Bloomberg Economics used a variety of models to calculate its central estimate of the cost to date. It found the damage was far smaller than the 6% to 8% of GDP hit set out in a recent and widely read National Bureau of Economic Research paper .

Using a “doppelganger” model like the NBER to build an alternative growth path assuming the UK had remained in the EU, Bloomberg Economics said the damage would be 9.6%.

However, it said the estimate is misleading because the NBER doppelganger includes Ireland, where growth has averaged 7% a year since the 2016 referendum thanks to its low-tax strategy, and is heavily weighted to the US, which unlike the UK “wasn’t hit by an energy shock in 2022, has benefited from significant fiscal stimulus and is seeing the benefits of AI investment.”

Stripping out Ireland reduces the hit to about 6% and adjusting the US growth trajectory to reflect pre-2016 levels of outperformance lowers the impact further to 3.4%. Alternatively, using the World Trade Organization’s Global Trade Model , capturing the impact of higher trade barriers, points to a 2.5% long-term hit, Bloomberg Economics said.

The authors also modelled three options for a change in the relationship to improve future terms of trade with the EU.
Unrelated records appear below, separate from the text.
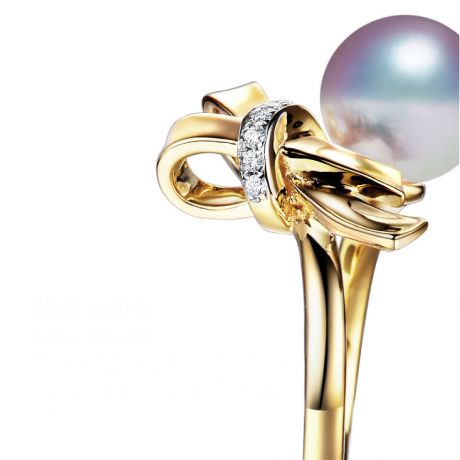 Anello Nodo con Ganse. Perla Akoya, Oro giallo e Diamanti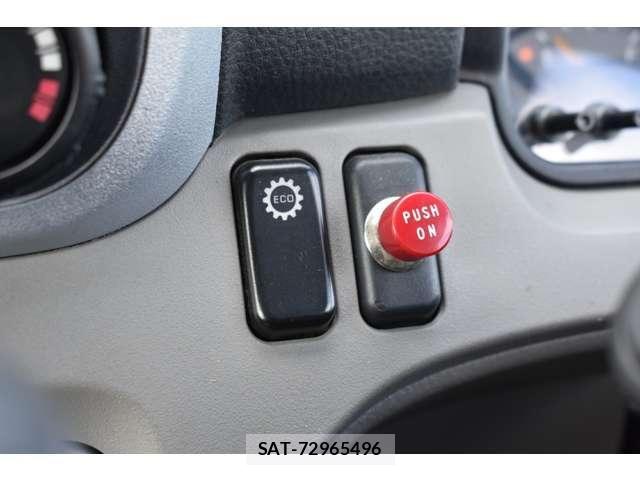 Mitsubishi CANTER 2017-01 8034726-22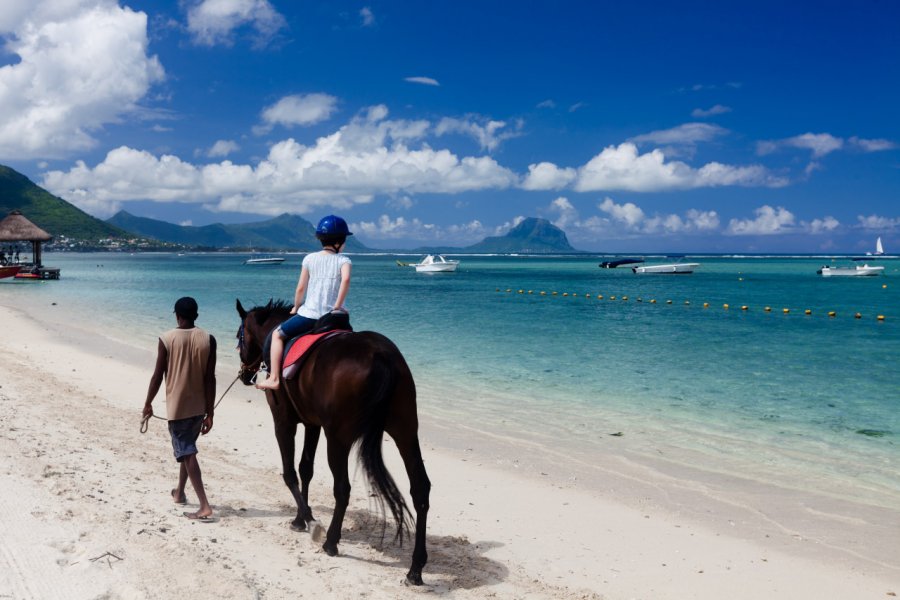 Promenade à cheval, Flic en Flac. Jean-Marie MAILLET - Fotolia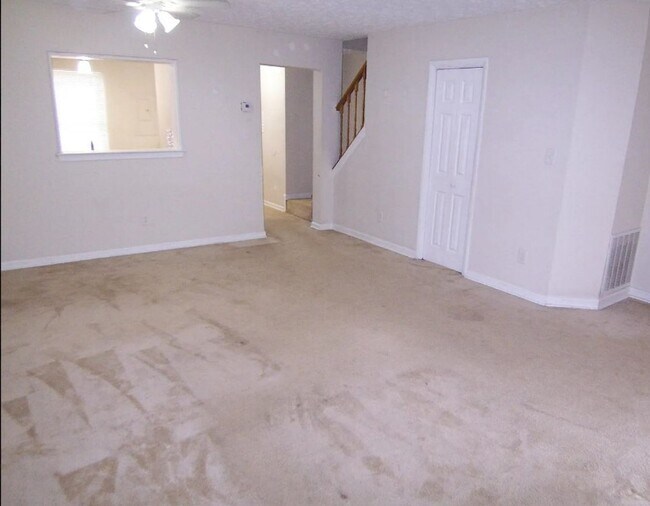 Foto del edificio - Middle River Townhome!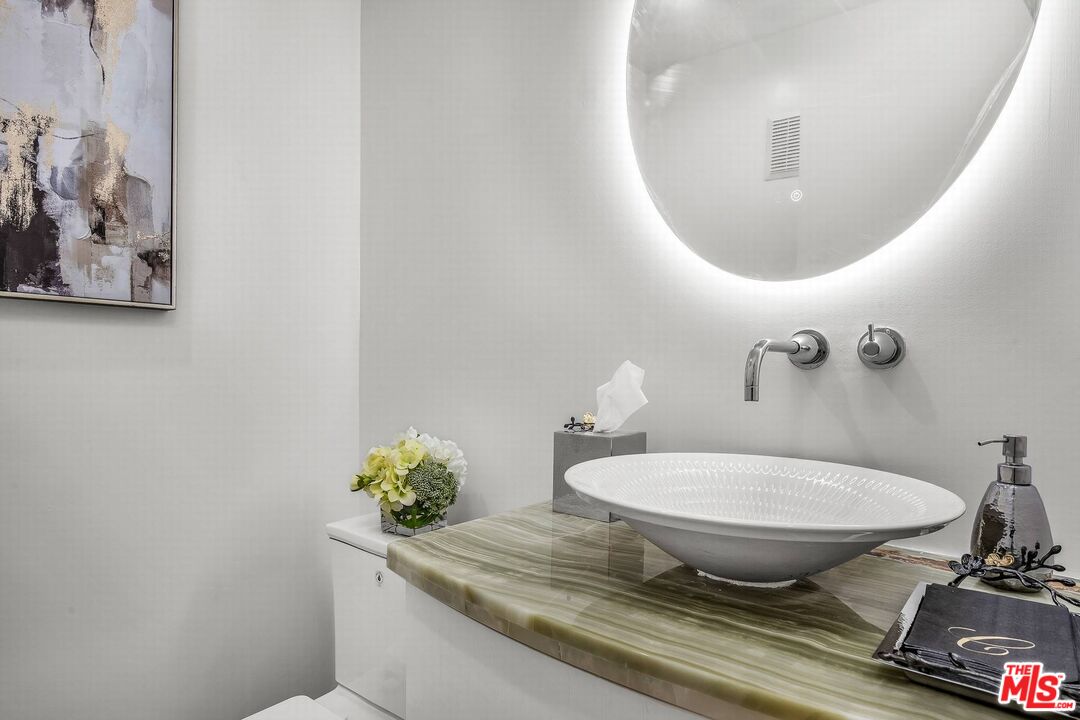 5515 Pacific Ave Unit: 3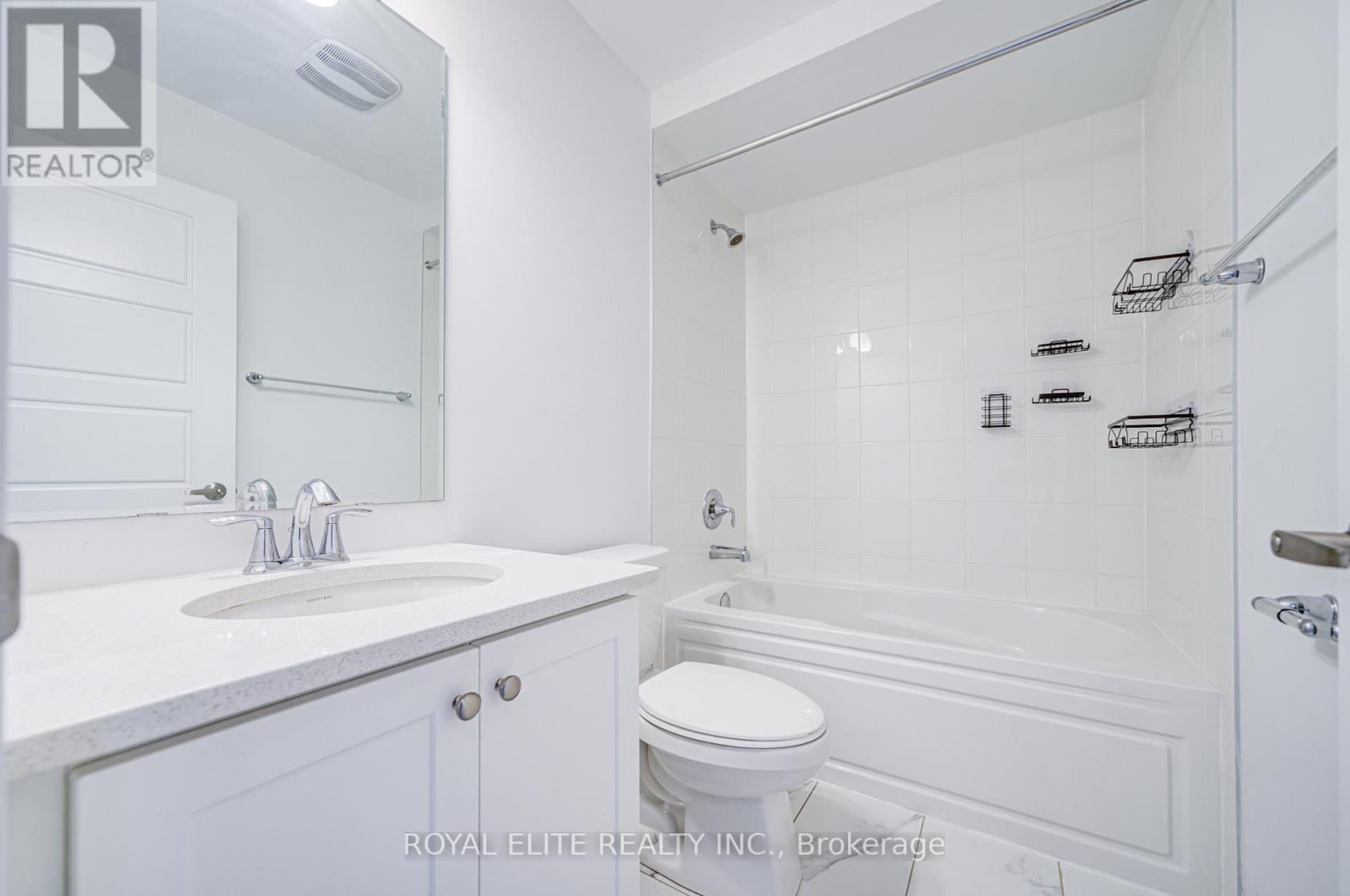 1374 William Halton Parkway, Oakville, Ontario  L6M 5P2 - Photo 21 - W12140508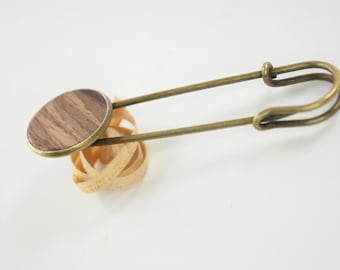 kiltpin, pin, brooch, shawl pin, scarf pin, cloak pin, wooden jewellery / mosaicwood / walnut  / bronze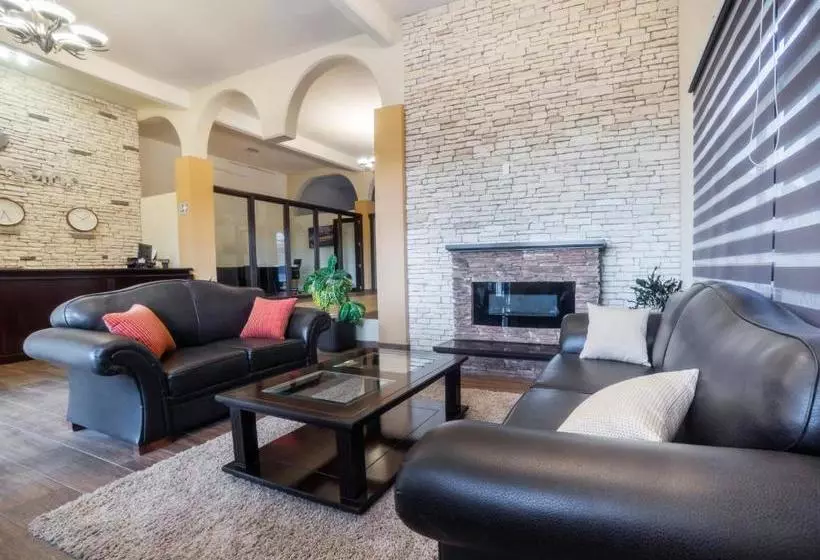 Hotelli Capital O Descanso Inn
1) Customs Union: +0.4 percentage point

Several members of the Labour government have called for the UK to rejoin the customs union, despite it being a manifesto red line. Doing so would remove some border frictions for goods but require the UK adopt EU tariffs and scrap existing trade deals with the likes of India, the US and the Gulf states. The deal would not include services.

Pros:

End rules of origin checks for UK exporters, reducing administrative costs. Does not require UK to adopt EU principle of free movement of labor.

Cons:

Relatively small net gain of 0.4 percentage point. Loss of sovereignty over trade deals and tariffs. Border checks and paperwork still required as the UK remains outside the single market.

2) Swiss-style deal: +0.8 percentage point

A “cherry-picker’s” charter, as some would describe it, as the UK would sign a series of bilateral trade deals with the EU in return for single market access in those specific areas. This could go beyond goods trade to include mutual recognition of professional standards to allow services like architecture to work more easily within the bloc.

Pros: Deep access to the single market in the chosen areas. Reduces tariff and non-tariff barriers, removing all border frictions and administrative costs in those areas.

Cons: UK would have to adopt EU rules for the selected deals, with little freedom to diverge. Reduced legal sovereignty as UK would be subject to some European Court of Justice rulings. Building the deals could take many years, as it has for Switzerland. It is possible the EU would grant limited single market access without asking for full free movement of labor but the Swiss have accepted free movement.

3) Single Market for Goods: +1.2 percentage points

A bespoke deal for the UK that would give it access to the single market for goods alone. According to reports, British and EU officials have discussed the proposal.

Pros: Biggest economic boost of all plausible options. Deep access to the single market in chosen areas. Reduces tariff and non-tariff barriers, removing all border frictions and administrative costs. Quicker and easier to complete than Swiss-style sector-by-sector negotiations.

Cons: Talks with the EU foundered on the strict requirement for free movement of labor. Loss of sovereignty over goods regulation and trade deals.